After that, Sidon and his team performed the digital equivalent of brain surgery on Mutual's systems. Sidon and Ruckle began by dividing the company systems into seven clusters, including workers' compensation cases, prescription drugs, and the most crucial one: the claims system. One by one, the team isolated the clusters and determined which programs and files to fix.
SAFE ZONE. Along the way, the two companies used myriad work-around schemes to safeguard programs and data without actually changing any dates. One is a well-known technique called a "sliding window," in which a computer is instructed to interpret any ambiguous two-digit date from 00 to 50, say, as 2000 to 2050. Currently, Mutual has applied the sliding window to about 80% of its date fixes.
Wherever two-digit dates must be replaced with four-digit ones, Mutual ships the whole software cluster out to Costa Mesa with explicit directions on what needs to be fixed. While under repair, that portion of the company enters a state called "freeze." People can still call up needed information. But they can only enter new information once a week or at the end of the entire process, depending on the depth of the freeze. It's a huge inconvenience. But it assures that no one unwittingly enters a program with a two-digit date, thereby contaminating the cluster and spoiling perhaps thousands of hours of work.
After the fixed files return from California, the Mutual team and its E&Y assistants begin testing--a process that soaks up 45% of total remediation time. Finally, each repaired cluster is removed from freeze and placed into a clean area of the mainframe, called a "library." This is segregated from the dirty library, where the two-digit files are still awaiting their fix. And woe to the employee who absentmindedly shuttles a dirty file into the clean library. "It's a danger that we face--making sure that what gets renovated stays renovated," says Sidon. Today, three of seven clusters reside in the clean library. Sidon intends to fix the remainder by June, so that Medical Mutual can close the books on 1998 with the new system--and make sure that it works.

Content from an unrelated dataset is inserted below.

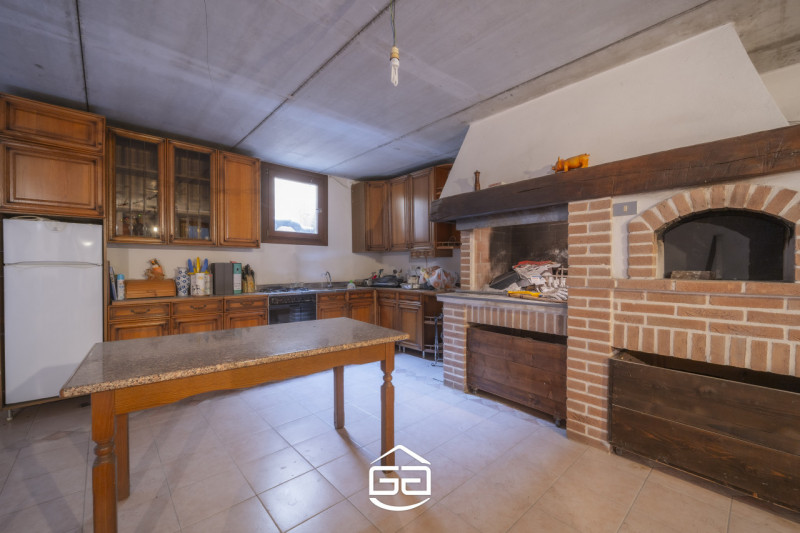 Immagine 29 di Villa in vendita  in Via Roare, 46 a Villaverla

FALSE HOPE. But if this sounds like a tidy finish, it's not, as Mary Libens can testify. Take the sliding window. Libens originally planned to use this shortcut to deal with two-digit dates on electronic files that are used to track annual deductibles on claims. Since nothing in these files other than birthdates refers back as far as 1950, the team wrote a program that instructed computers to simply interpret all year dates up to 50 as postmillennial.

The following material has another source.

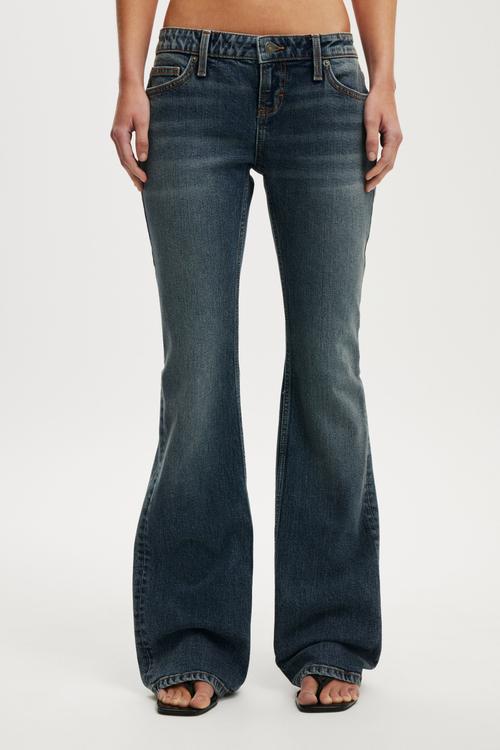 Low rise bootcut jean - tear drop blue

This solution almost worked. Programmers who tested it in Costa Mesa said the computers were no longer confused about which century the files addressed. But there was a different, unexpected snag: Whenever the computers bumped into the number 00, they would assume that they had reached the bottom of the deductible file. "There was no way to code around it," says Libens. If they let it go, the computer could easily make an incorrect payment, by assuming, for example, that the deductible hadn't been paid, when in fact it had been. The program had to be scrapped, and Libens is back to inserting four-digit dates in every file.
Libens perseveres, because she knows Mutual will make it through. But what of the large companies that are just getting started? In a recent survey of 450 businesses in North America, the Information Technology Assn. in Arlington, Va., found that 45% of them are still studying their systems and have yet to start fixing them. A year from now, they'll begin hitting the same kinds of hitches and delays that Mutual has been living with for four years. It's inevitable. It's software. To one and to all...Godspeed.